A. How many qualified creditors are needed to maintain the case against Blixseth?

If an individual has 12 or more creditors whose claims are not contingent as to liability or the subject of a bona fide dispute as to liability or amount—referred to as "qualified" creditors in the jurisprudence—then the support of three such creditors is needed to maintain an involuntary bankruptcy case against that individual.15 But if an individual has 11 or fewer qualified creditors, then an involuntary case can be maintained against him by a single qualified creditor.16

The bankruptcy court determined that three qualified creditors were needed to maintain the case against Blixseth because he had met his burden to show that he had at least 12 creditors on the petition date, but that the petitioning creditors had failed to meet their burden to show that any of those creditors should be disqualified.17 Montana argues that the bankruptcy court got the burden of proof wrong and erred in finding that Blixseth had met his burden but that the petitioning creditors had not.18

Reviewing courts "apply de novo review to questions of law, such as the question of whether the ... [bankruptcy] court applied the correct burden of proof."19 "Whether that burden of proof has been met, however, is reviewed for clear error."20 Clear error is a "deferential" standard that "does not entitle [me] to overturn a finding ‘simply because [I am] convinced that [I] would have decided the case differently.’ "21 This standard requires me to have "a definite and firm conviction that a mistake has been made."22

1. Burden of proof

Montana argues that the burden of proof on the number of qualified creditors needed to maintain an involuntary bankruptcy case is a shifting one: the debtor has the initial burden to "prove up the existence of 12 or more creditors" and, once met, the burden shifts "to the petitioning creditors to show ‘that the [d]ebtor has fewer than ... 12 ... bona fide creditors.’ "23 According to Montana, the bankruptcy court erroneously placed the entire burden on the petitioning creditors. I disagree.

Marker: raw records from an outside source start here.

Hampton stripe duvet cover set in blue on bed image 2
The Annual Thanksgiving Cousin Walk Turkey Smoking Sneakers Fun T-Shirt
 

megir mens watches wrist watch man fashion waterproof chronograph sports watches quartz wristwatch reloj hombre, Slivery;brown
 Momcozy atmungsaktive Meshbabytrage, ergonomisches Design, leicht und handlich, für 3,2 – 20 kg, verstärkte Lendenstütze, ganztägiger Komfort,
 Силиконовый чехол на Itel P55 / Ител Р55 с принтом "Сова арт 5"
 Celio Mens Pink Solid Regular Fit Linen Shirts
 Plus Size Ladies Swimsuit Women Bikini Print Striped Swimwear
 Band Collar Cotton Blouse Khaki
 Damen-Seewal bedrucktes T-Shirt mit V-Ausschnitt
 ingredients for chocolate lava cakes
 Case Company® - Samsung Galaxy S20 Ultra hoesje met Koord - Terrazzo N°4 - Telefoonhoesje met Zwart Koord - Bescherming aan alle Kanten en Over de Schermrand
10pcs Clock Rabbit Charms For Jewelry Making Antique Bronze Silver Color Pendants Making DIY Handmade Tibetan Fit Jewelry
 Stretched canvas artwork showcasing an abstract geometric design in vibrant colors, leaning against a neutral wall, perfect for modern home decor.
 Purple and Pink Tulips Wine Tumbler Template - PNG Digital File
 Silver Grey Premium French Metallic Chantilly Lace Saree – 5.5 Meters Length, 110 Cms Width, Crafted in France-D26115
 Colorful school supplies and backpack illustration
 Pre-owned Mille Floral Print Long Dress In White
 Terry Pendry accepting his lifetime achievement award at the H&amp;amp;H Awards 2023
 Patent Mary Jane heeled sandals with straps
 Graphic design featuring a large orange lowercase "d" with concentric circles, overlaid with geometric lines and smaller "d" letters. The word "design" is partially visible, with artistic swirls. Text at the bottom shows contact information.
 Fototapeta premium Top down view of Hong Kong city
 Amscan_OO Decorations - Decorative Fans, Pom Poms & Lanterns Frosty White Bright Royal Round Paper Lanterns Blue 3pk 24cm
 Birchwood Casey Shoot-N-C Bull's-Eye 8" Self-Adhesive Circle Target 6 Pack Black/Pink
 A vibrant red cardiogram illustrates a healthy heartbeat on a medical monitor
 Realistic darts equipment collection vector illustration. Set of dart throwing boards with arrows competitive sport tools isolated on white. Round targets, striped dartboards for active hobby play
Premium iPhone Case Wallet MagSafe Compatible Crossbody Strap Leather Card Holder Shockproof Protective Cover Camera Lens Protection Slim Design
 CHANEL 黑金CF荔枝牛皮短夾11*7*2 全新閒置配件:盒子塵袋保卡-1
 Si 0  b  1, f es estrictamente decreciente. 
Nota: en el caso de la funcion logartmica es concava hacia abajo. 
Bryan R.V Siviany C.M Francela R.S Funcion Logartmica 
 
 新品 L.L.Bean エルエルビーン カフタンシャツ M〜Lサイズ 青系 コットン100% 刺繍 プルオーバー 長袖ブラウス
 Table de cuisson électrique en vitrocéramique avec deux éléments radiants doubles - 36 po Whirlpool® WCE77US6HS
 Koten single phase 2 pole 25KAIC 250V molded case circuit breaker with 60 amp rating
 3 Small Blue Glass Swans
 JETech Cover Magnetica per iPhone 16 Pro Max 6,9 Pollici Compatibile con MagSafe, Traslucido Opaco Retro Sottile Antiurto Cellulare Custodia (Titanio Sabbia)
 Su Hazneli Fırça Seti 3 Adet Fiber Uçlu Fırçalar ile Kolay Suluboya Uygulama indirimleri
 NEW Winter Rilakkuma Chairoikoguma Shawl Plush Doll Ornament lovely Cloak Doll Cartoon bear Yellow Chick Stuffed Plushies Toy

The bankruptcy court began by noting that petitioning creditors have the "burden to show that they have met all the requirements of Section 303(b). This includes showing that they collectively have a sufficient number of petitioning creditors."24 It next analyzed whether Blixseth, the moving party, had proffered evidence showing that he had 12 or more creditors on the petition date.25 It stated that Federal Rule of Bankruptcy Procedure 1003(b) requires that, if a debtor's "answer to an involuntary petition filed by fewer than three creditors avers the existence of 12 or more creditors," then "the debtor shall file with the answer a list of all creditors with their addresses...."26 But, the court reasoned, FRBP 1003(b) did not apply because Blixseth filed a motion to dismiss the involuntary petition, not an answer.27 The court then explained that Blixseth had responded "in discovery with a non-exhaustive list of 18 creditors he claimed he had on the Petition Date."28 Montana, it continued, had engaged "in extensive cross examination on the issue"29 during the hearing, and "Blixseth reiterated his discovery responses and authenticated documents related to each of these creditors."30

The bankruptcy court then considered the parties' arguments and the evidence pertaining to the 18 creditors that Blixseth had identified. It determined that the evidence showed that Blixseth owed debts to at least 16 of those creditors on the petition date.31 The court found that those 16 creditors had continued to provide services to Blixseth and, thus, possessed at least "accrued but unbilled balances on the [p]etition [d]ate."32 The bankruptcy court recounted Blixseth's testimony that, for 11 of these creditors, "periodic, recurring" debts were "owed, undisputed and generally paid in the ordinary course."33 As for the five professionals that Blixseth listed among his creditors, the bankruptcy court determined that Blixseth had "authenticated these debts to ...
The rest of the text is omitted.